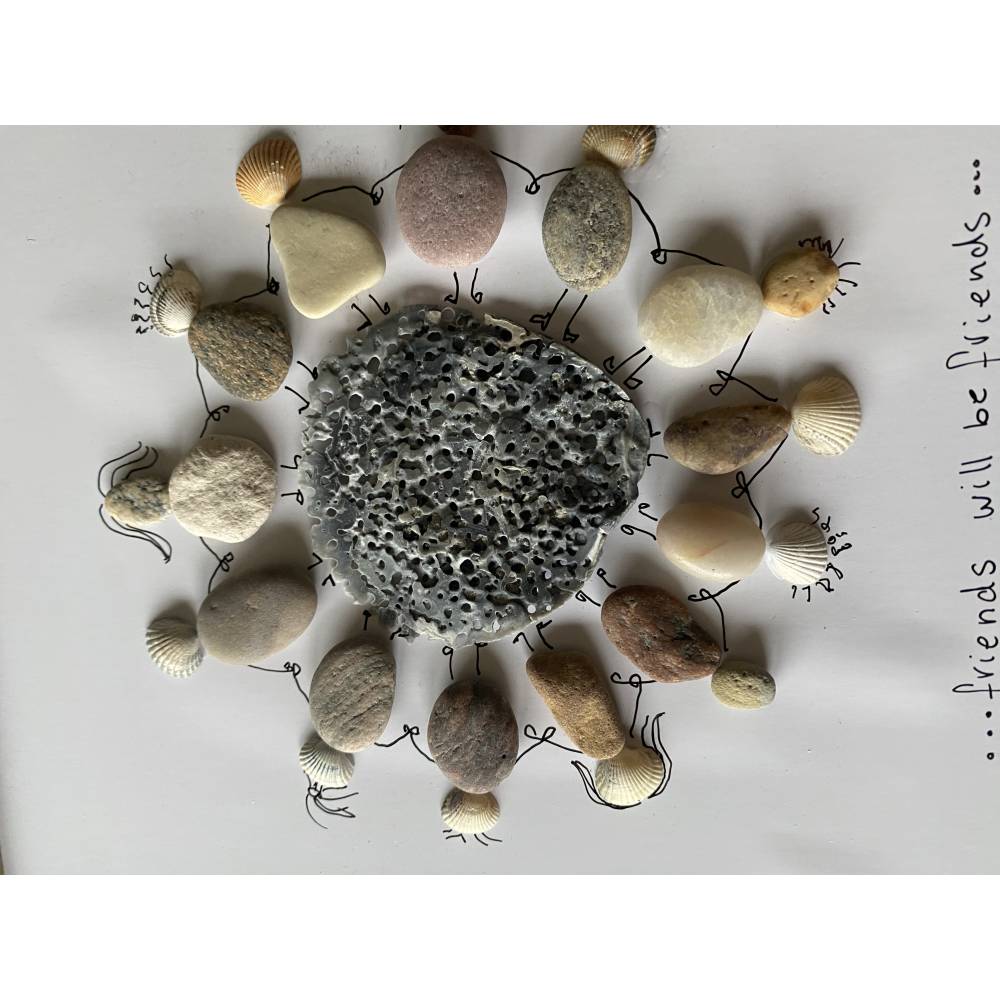 Steinbild Freunde, Geschenk für liebe Menschen, Meer Dekoration Bild 9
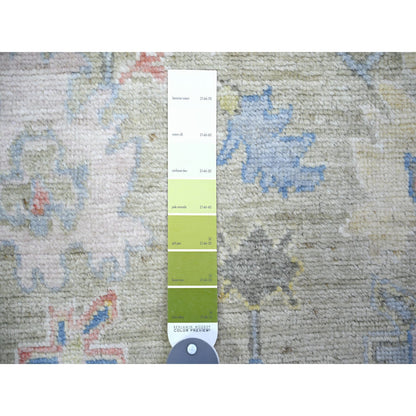 Oushak And Peshawar Wool Hand Knotted Rug Grey Light Gray 3.0X17.7 -O074099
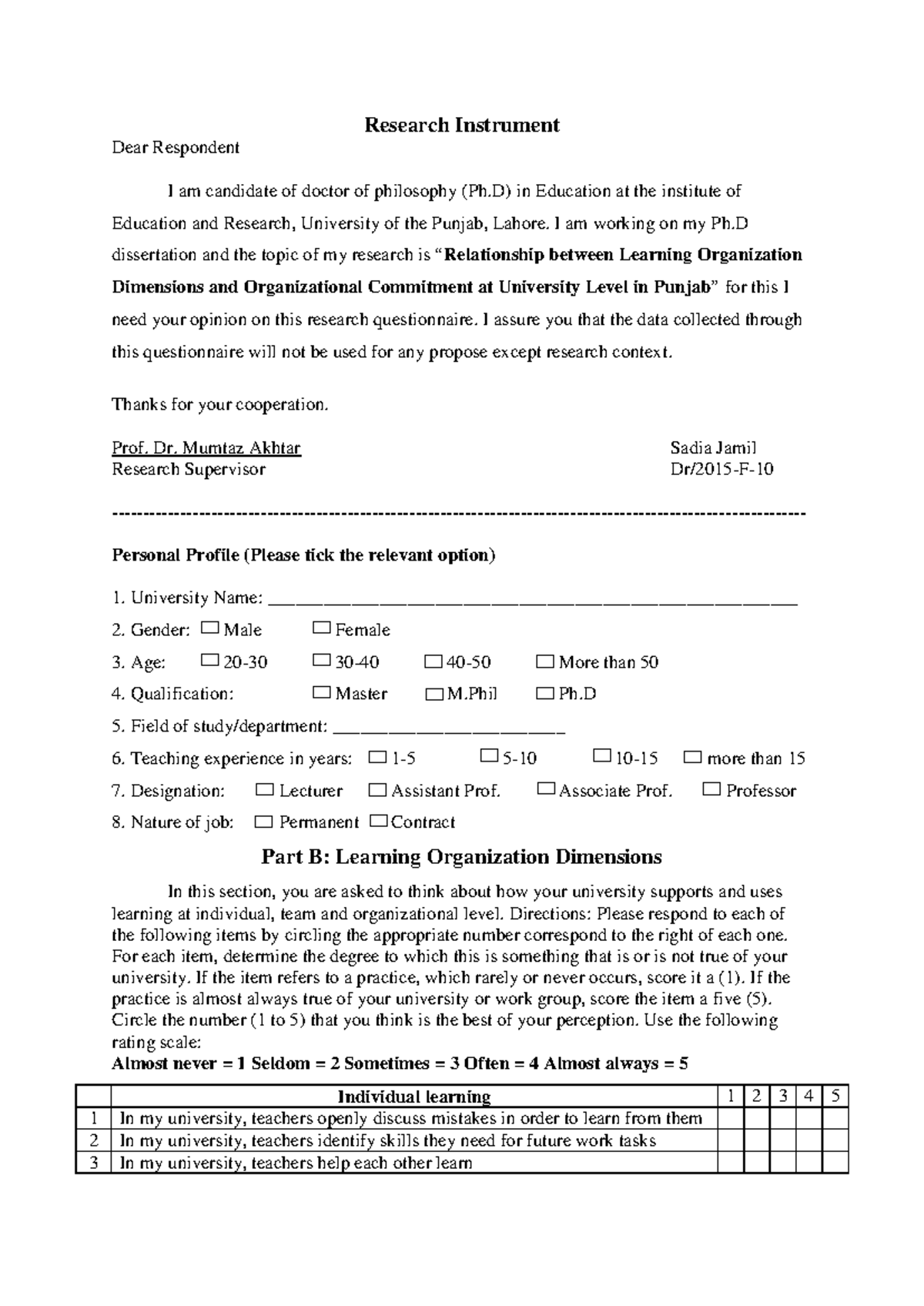 Ph.D Research Instrument - Research Instrument Dear Respondent I am ...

[ASSIGNED TASK] When copying the listing, skip the pictures and keep each line exactly as written.

[EXERCISE OUTPUT]
 Steinbild Freunde, Geschenk für liebe Menschen, Meer Dekoration Bild 9
 Oushak And Peshawar Wool Hand Knotted Rug Grey Light Gray 3.0X17.7 -O074099
 Ph.D Research Instrument - Research Instrument Dear Respondent I am ...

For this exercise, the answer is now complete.